**TASK STATEMENT:**
Copy out exactly the stretch below, from the line with "1701 Tuckey Ln #104, Phoenix, AZ 85015" through the line with "Queensland Comprehensive Earthmoving Services Across Queensland", both included; the pictures stay out.

**INPUT DATA:**
====
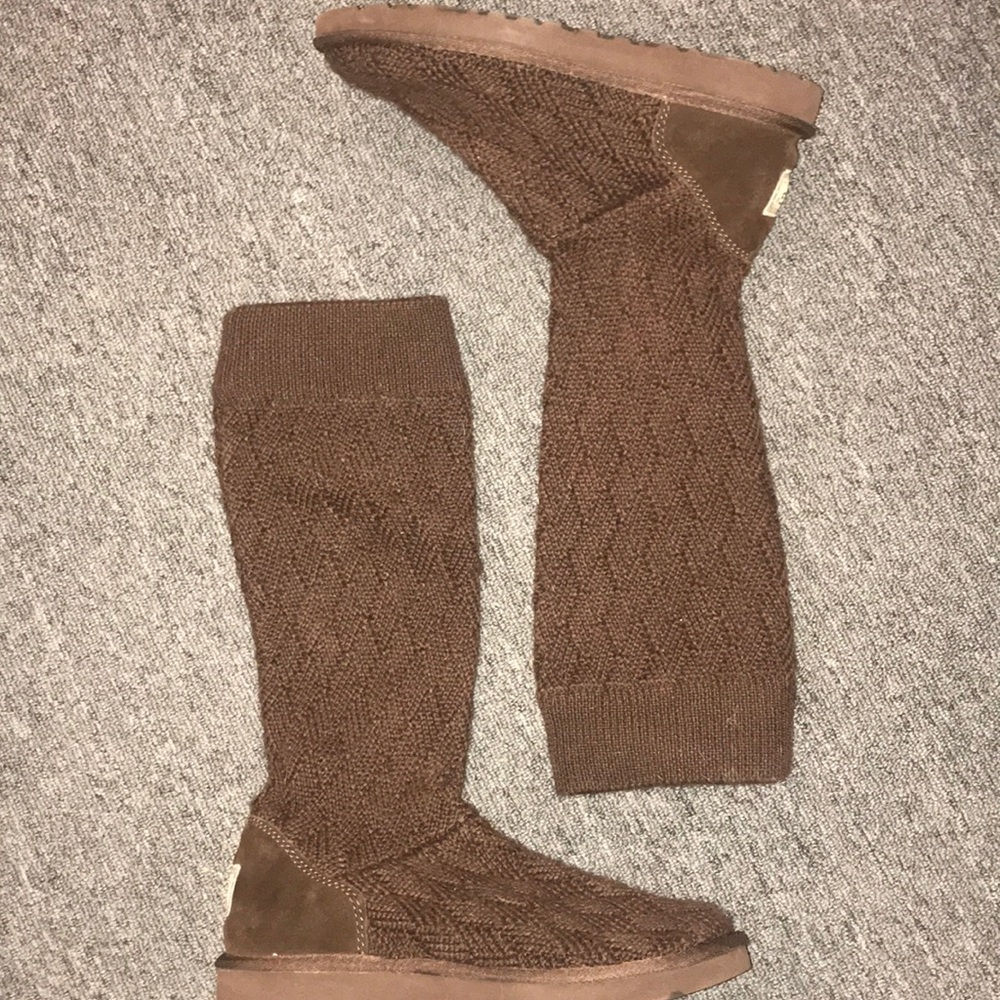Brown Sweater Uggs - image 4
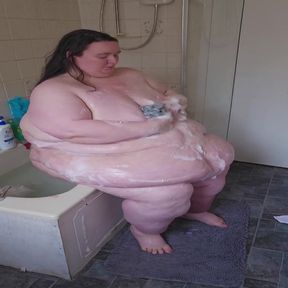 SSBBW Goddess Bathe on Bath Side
====
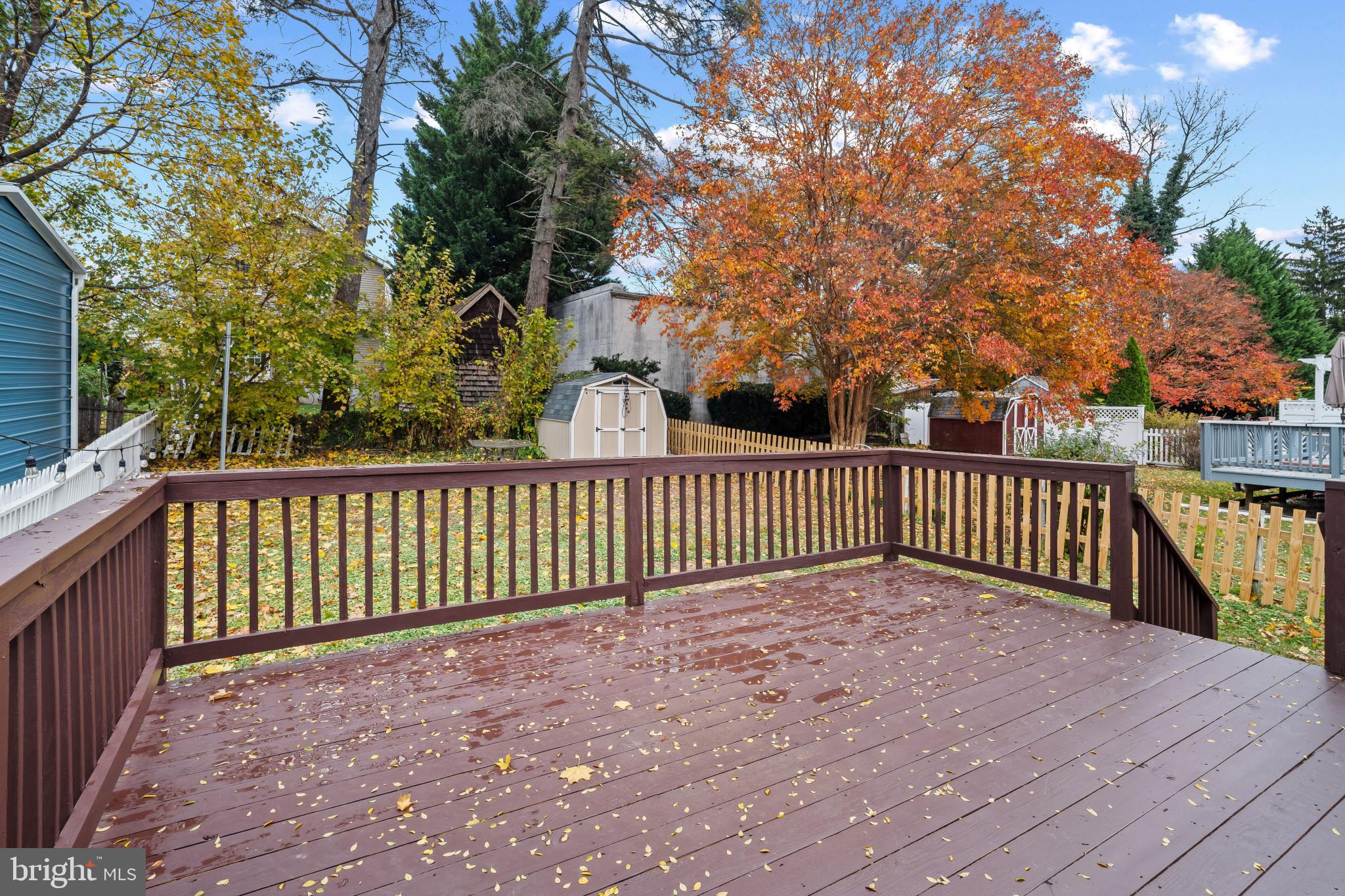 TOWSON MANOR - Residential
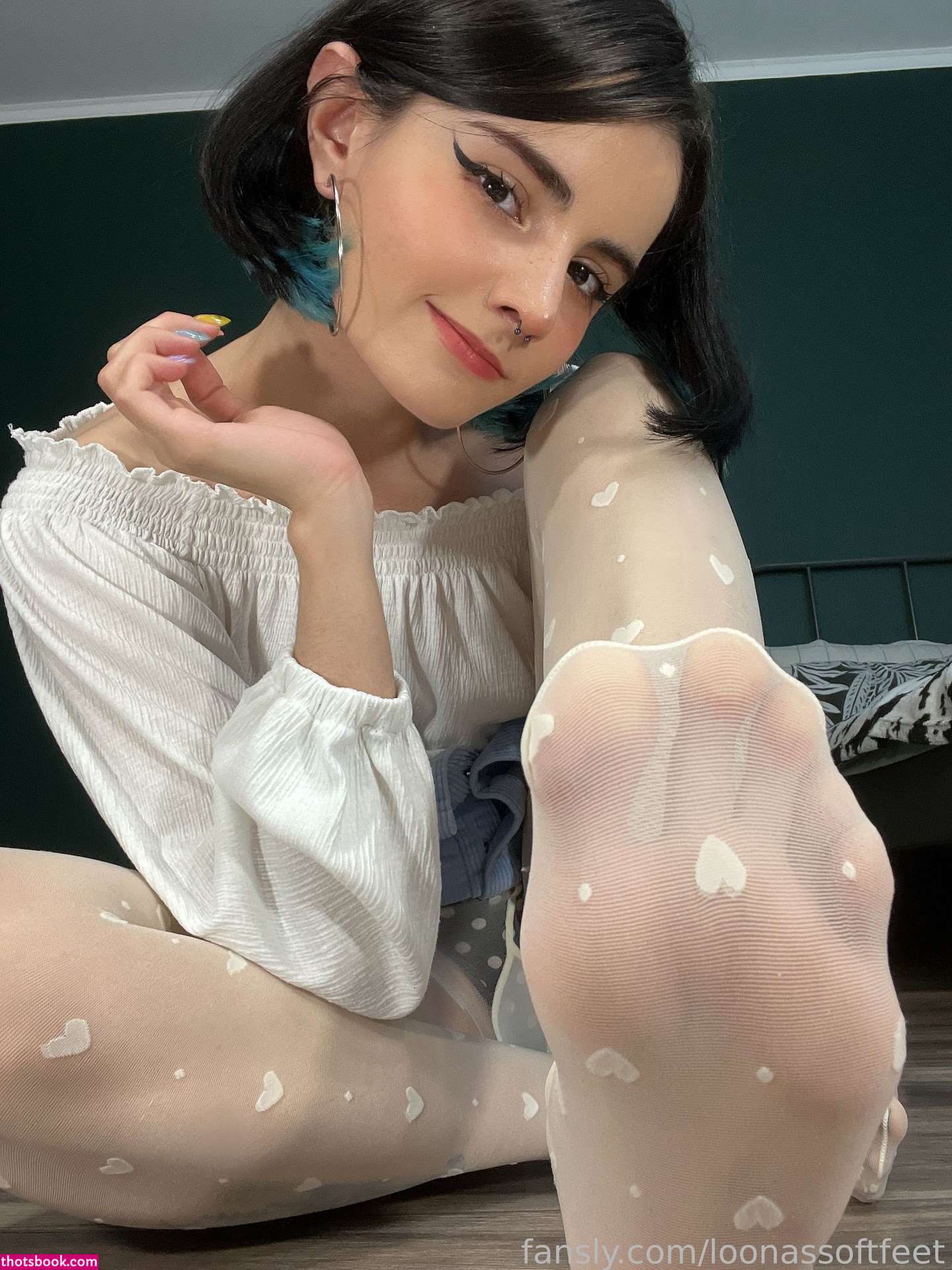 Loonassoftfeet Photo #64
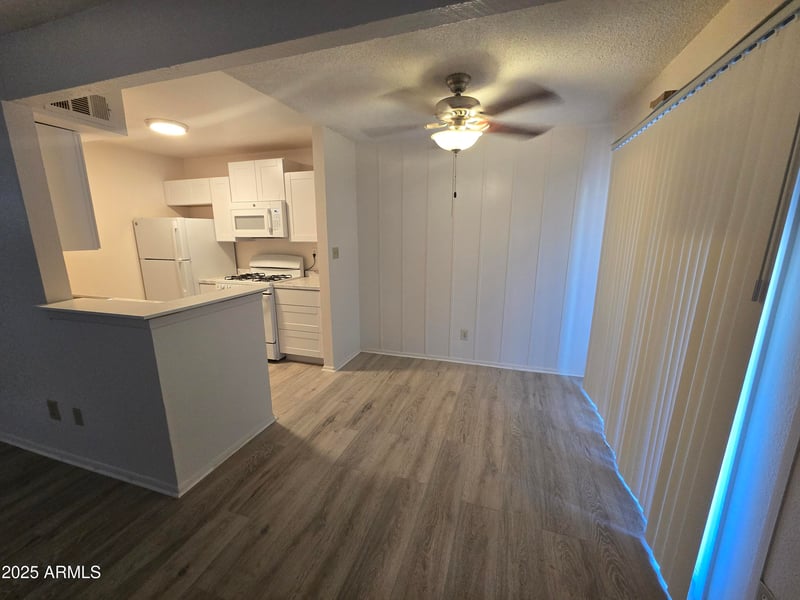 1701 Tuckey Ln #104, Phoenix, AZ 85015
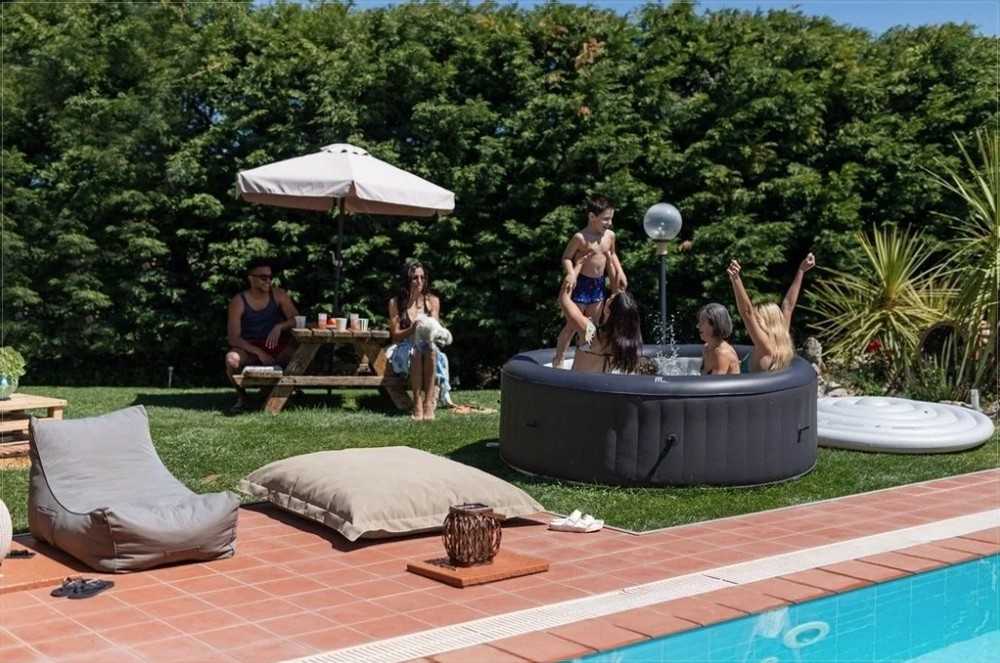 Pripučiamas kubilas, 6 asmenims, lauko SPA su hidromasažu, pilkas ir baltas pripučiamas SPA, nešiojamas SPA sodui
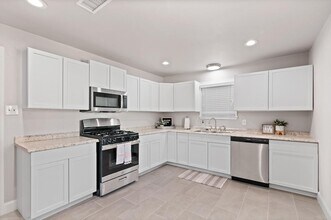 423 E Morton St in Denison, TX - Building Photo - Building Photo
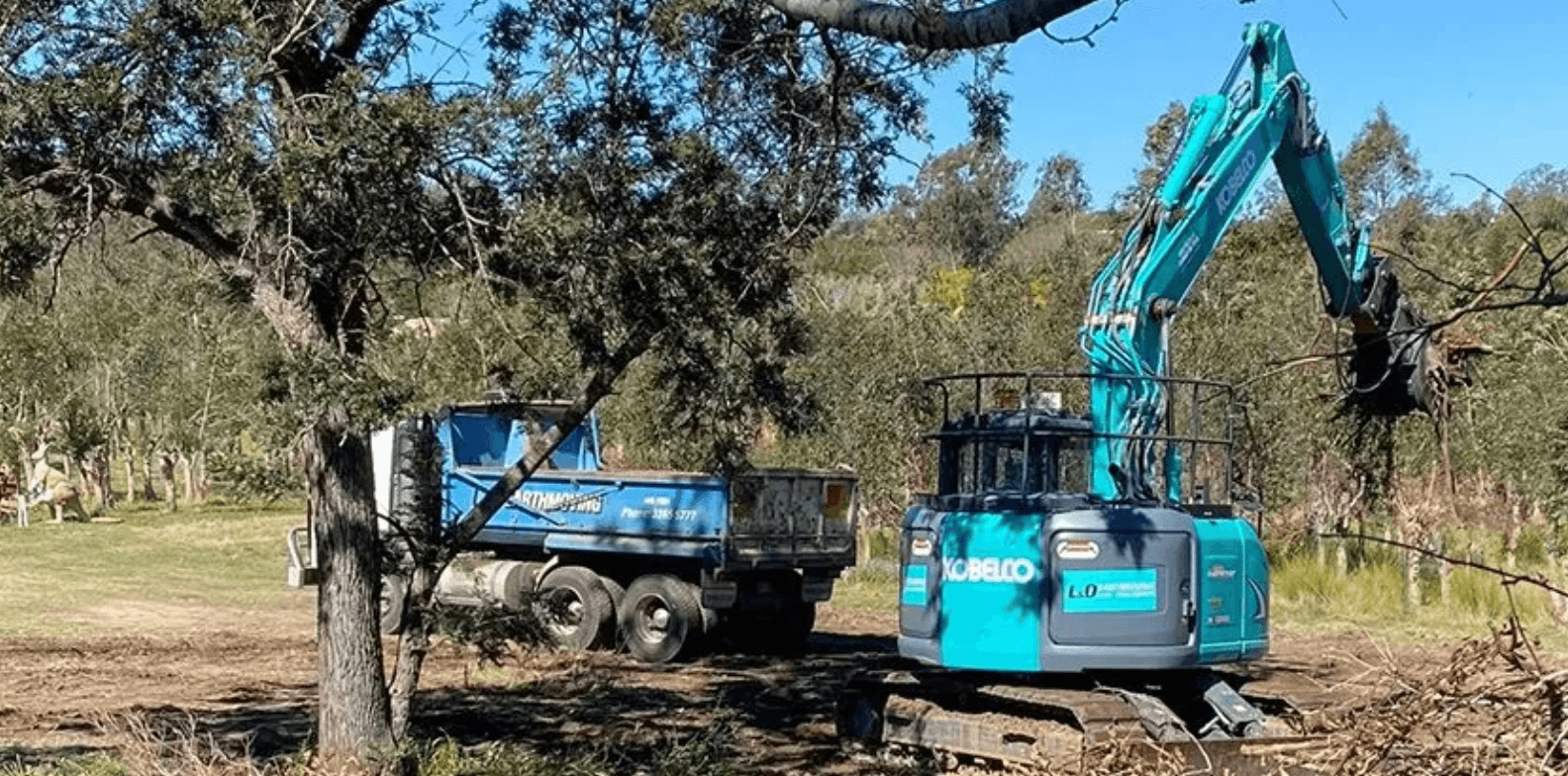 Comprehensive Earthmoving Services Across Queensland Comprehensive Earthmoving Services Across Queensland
====
**RESULT BELOW:**
 1701 Tuckey Ln #104, Phoenix, AZ 85015
 Pripučiamas kubilas, 6 asmenims, lauko SPA su hidromasažu, pilkas ir baltas pripučiamas SPA, nešiojamas SPA sodui
 423 E Morton St in Denison, TX - Building Photo - Building Photo
 Comprehensive Earthmoving Services Across Queensland Comprehensive Earthmoving Services Across Queensland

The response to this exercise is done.